Córdoba ist keine Linksradikale. Was sie jetzt anprangert, scheint zwei Befürchtungen mancher kolumbianischer Linker zu bestätigen. Dass erstens die Linke sich vom Santos-Lager wahltaktisch vorführen liess, ohne als Gegenleistung konkrete Verpflichtungen zu erhalten, und ihre Strukturen dabei für die Gegenseite sehr offen gelegt hat, und dass zweitens die Wiederwahl von Santos keineswegs eine Garantie für einen anderen „Friedensschluss“ als eine nach dem Diktat des Regimes zu erfolgende bedingungslose Entwaffnung der Guerilla darstelle.

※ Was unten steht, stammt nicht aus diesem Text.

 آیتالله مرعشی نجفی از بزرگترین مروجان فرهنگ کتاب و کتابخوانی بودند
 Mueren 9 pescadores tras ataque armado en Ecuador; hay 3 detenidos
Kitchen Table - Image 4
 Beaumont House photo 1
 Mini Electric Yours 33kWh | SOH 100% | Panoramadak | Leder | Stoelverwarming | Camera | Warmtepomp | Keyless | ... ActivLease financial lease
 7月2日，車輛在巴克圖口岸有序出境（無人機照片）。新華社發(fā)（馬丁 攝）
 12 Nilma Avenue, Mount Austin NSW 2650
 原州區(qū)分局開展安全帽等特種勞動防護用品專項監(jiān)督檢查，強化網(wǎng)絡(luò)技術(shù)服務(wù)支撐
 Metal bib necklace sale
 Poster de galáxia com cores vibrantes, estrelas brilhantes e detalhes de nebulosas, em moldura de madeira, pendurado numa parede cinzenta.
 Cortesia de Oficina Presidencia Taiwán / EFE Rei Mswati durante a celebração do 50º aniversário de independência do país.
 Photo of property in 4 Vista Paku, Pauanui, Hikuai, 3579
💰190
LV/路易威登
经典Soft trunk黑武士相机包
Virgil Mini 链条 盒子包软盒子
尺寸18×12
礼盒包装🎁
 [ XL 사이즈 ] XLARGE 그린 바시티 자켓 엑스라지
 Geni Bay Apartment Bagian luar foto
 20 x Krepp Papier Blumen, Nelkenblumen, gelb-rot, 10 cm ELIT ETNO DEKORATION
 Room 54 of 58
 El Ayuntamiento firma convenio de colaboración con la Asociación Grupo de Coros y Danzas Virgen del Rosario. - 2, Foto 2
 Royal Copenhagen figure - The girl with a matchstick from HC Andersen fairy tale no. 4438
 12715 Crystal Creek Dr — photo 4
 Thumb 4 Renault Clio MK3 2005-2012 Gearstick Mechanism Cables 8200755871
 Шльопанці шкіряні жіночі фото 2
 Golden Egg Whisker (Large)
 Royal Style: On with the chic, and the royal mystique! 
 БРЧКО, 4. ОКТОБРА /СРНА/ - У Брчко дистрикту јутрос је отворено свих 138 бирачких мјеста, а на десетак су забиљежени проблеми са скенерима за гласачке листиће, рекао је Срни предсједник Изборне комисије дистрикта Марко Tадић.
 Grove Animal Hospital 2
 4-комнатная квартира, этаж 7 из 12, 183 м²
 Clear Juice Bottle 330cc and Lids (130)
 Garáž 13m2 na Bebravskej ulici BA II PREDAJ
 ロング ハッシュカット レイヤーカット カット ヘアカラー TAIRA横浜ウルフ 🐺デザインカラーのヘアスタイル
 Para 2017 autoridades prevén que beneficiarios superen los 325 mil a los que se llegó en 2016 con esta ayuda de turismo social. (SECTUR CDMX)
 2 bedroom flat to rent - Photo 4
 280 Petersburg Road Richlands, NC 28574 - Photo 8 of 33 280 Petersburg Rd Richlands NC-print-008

Es ist bemerkenswert, dass es dem Regime gelungen ist, a) die parteipolitische und teilweise die Volkslinke hinter dem Oligarchen Santos zu einen, während dieser mit seiner Verhandlungsstrategie – ein Dialog in Habana mit der FARC und ein weiterer, erst noch zu formalisierender, mit dem ELN in Ecuador – auf die klare Schwächung der Verhandlungsmacht der Guerillas setzt.

(PS: Natürlich wird die Steigerung der Morde an Mitgliedern der Marcha dem Lobgesang auf die „neue kolumbianische Demokratie“ in den hiesigen Medien oder im DEZA-Heftchen (s. DEZA-Mainstream in Kolumbien) keinen Abbruch tun.)